A porta interior entreabriu-se e o camerlengo acorreu a tomar um maço de documentos que alguém lhe trazia. O papa e todos os presentes olharam expectantes. Menos eu. Não morava em mim a dúvida. O camerlengo aproximou-se com um ar radiante de espanto: Bate tudo certo, Santidade, com o que este senhor..., com o que Sua Alteza disse!, e mostrava as provas documentais ao papa, que, durante algum tempo as olhou em silêncio, como a pensar, sem as tomar das mãos do prelado. Enfim disse: Estas provas terão de ser examinadas pela Cúria.

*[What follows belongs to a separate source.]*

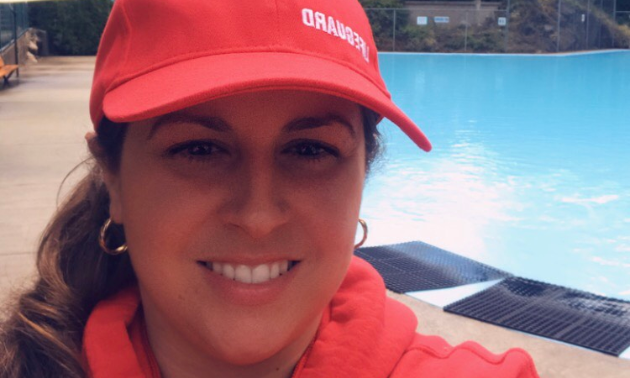 Sonya Pope wears a red lifeguard hat.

Providenciai nesse sentido, cardeal. Meu filho, como muito bem deves calcular, podem advir perturbações internacionais de tão inesperada circunstância. O teu caso, porém, não será esquecido. O Senhor te acompanhe e à tua comitiva, e, abençoando-nos, deu a audiência por terminada. O camerlengo acompanhou-nos à porta.

Com evidente alegria e entusiasmo se congratulavam comigo, a caminho do albergue, os companheiros pelo bem-sucedido da empresa. Sinto-me a alma a ressuscitar, amigos, desabafei. Estava morto e ardia nas profundezas do Inferno. Agora refrigera-se-me o coração. Conquanto, rosnou dentro de si Nuno Costa, não morras depois de teres ressuscitado...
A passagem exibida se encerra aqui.